Advanced Recruiting Approaches for Startups
- Involve top prospects in your work – ask top recruiting prospects to help you “assess” a new idea or program. Then build the relationship to the point where they know you well enough to consider a job or accept an offer.
- Hire them both – although it might seem expensive, offer a program where you will hire a superstar and their best friend at the same time (i.e. colleague, spouse/ partner). The premise under this approach is that the unusual opportunity to work with a close colleague may be a powerful enough incentive to attract and keep top talent. And don’t worry: no top professional would ever bring in an average or mediocre colleague to work alongside them.
- Target other startups – some of the best hires are individuals who currently work at startups. They are superior because they already understand the concept and the risk/reward ratio of a startup. Obviously, you should target startups that are going downhill (especially on a day when bad news is released) but you might also be able to get some recruits from former startups that are now getting large and bureaucratic. Consider informal recruiting at incubator sites and coffee shops in neighborhoods dominated by startups.
- Get help from your VC – if you’re ready have funding, work closely with your venture capitalists to determine if they can provide you with help in the recruiting area. Because they have already worked with other startups, they are likely to have resources and contacts in the area of recruiting.
- Adopt a “next time” hiring approach — face facts, there will be many times where you cannot successfully recruit a particularly desirable target.

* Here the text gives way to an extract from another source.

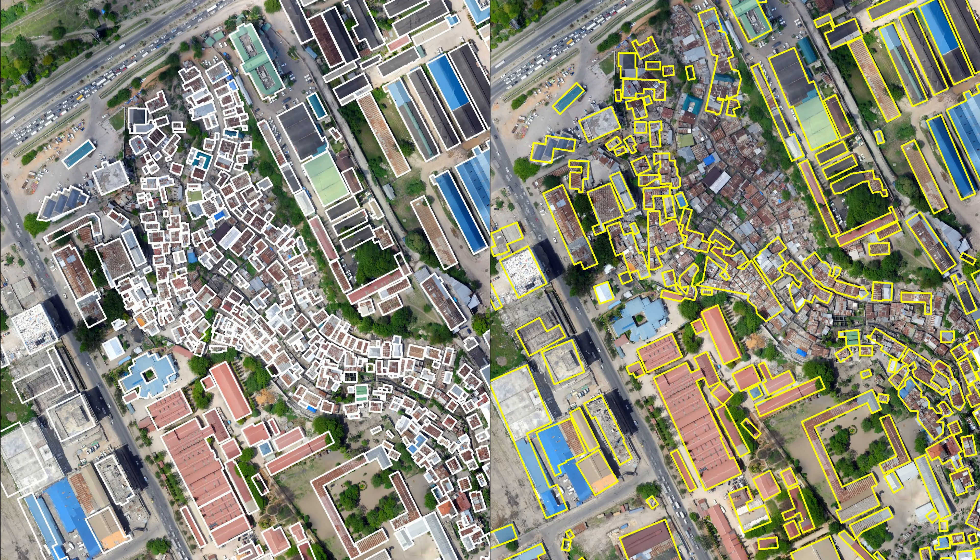And then on the right, with the yellow outlines, you see the results which were published online for free by a major software company a number of years back, that said, we have all the building outlines in Tanzania. And so when we compare the two...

They may not be available precisely when you have an opening, or another firm may simply be capable of offering something that is more compelling. A solution to this problem is to adopt a “next time” hiring perspective, where you accept the fact that your initial recruiting efforts might be unsuccessful. But rather than giving up once you get a “no,” you continue a relationship with the individual in the hopes that you will get them the “next time” they enter the job market. This requires keeping in touch with them on a periodic basis and letting them know that you’re willing to wait until the next time that they are available. This delay will not only give you time to strengthen the relationship but it will give you more time to understand their job switch criteria and to sell them on the opportunities at your startup.
- Ask past references for referrals – individuals who served as references for previous top hires, if they were asked, will often help out again in your search for new candidates. Start identifying recent hires who have turned out to be exceptional. Call their references back, thank them, and then ask them “who else they may know that is exceptional and could possibly be interested in a startup opportunity?” Because these individuals have given a good reference once, it is highly likely that the additional names that they provide will also be of high quality. Most references are more than willing to help without an expectation of reward.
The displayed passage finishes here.